My favourite one is: Pick a server or a piece of enterprise software and go take a look at its logs. If it's doing anything interesting at all, it'll be full of errors. There's a decent chance that those errors are being ignored by everyone responsible for the system, because they're "the usual errors".

I've seen this go as far as cluster nodes crashing multiple times per day and rebooting over and over, causing mass fail-over events of services. That was written up as "the system is usually this slow", in the sense of "there is nothing we can do about it."

It's not slow! It's broken!


Oof, yes. I used to be an SRE at Google, with oncall responsibility for dozens of servers maintained by a dozen or so dev teams.

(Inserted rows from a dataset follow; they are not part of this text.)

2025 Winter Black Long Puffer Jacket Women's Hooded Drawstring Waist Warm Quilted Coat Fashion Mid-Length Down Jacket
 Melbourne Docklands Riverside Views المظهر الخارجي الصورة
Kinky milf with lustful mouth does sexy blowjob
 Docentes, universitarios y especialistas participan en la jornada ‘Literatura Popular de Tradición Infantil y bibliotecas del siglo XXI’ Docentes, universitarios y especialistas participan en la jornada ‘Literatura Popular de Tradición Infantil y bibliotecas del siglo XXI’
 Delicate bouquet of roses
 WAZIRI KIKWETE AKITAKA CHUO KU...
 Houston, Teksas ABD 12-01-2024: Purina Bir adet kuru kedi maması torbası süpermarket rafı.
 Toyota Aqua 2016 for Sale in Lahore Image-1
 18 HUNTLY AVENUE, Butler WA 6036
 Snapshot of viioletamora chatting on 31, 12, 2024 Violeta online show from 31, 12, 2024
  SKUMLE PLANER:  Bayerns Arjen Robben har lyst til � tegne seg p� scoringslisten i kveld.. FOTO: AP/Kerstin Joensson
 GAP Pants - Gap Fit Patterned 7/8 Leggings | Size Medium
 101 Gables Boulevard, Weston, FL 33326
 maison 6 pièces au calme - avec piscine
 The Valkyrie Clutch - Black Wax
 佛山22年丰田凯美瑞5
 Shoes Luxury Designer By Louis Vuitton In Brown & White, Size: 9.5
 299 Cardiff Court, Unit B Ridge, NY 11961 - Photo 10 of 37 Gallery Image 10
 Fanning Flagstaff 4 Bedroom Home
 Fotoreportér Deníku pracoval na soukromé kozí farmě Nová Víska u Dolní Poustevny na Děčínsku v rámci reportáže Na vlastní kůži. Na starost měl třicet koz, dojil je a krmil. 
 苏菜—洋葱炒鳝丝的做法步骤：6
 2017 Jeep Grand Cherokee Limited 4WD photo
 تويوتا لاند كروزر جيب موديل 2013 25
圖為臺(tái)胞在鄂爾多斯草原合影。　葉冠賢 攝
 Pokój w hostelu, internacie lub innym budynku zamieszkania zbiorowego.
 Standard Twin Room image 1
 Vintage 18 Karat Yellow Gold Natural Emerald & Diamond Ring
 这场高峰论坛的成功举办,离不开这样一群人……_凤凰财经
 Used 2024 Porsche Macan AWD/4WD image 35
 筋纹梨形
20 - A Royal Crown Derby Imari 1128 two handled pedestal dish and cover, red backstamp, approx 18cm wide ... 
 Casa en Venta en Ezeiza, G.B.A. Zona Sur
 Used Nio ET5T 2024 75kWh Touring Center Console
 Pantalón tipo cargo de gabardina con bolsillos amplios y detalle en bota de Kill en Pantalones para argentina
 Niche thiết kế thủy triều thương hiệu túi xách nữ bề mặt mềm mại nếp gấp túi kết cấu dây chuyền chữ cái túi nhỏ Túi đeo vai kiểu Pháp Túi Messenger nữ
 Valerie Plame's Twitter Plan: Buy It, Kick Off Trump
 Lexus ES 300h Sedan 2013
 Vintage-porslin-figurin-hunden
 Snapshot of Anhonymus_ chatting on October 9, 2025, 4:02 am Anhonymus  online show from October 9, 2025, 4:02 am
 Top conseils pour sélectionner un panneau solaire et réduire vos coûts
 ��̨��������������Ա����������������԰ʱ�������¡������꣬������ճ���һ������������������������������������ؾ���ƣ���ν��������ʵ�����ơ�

Trying to track down issues with requests that crossed or interacted with 10-15 services, when _all_ those services had logs full of 'normal' errors (that the devs had learned to ignore) was...pretty brutal. I don't know how many hours I wasted chasing red herrings while debugging ongoing prod issues.


we're using AWS X-ray for this purpose, i.e. a service is always passing on and logging the X-ray identifier generated at first entry into the system. pretty helpful for this purpose. And yes, there should be consistent log handling / monitoring. Depending on service we differ between error log level (=expected user errors) and critical error level (makes our monitor go red).


It often isn't as simple as using a correlation identifier and looking at logs across the service infrastructure. If you have a misconfiguration or hardware issue it very likely may be intermittent and only visible as an error in a log before or after the request. The response has incorrect data inside a properly formatted envelope.


I guess that's one of the advantages of serverless - by definition there can be no unrelated error in the state beyond the request (because there is none), except for the infrastructure definition itself. But a misconfig there you'll always see in form of an error happening at calling the particular resource - at least I haven't seen anything else yet.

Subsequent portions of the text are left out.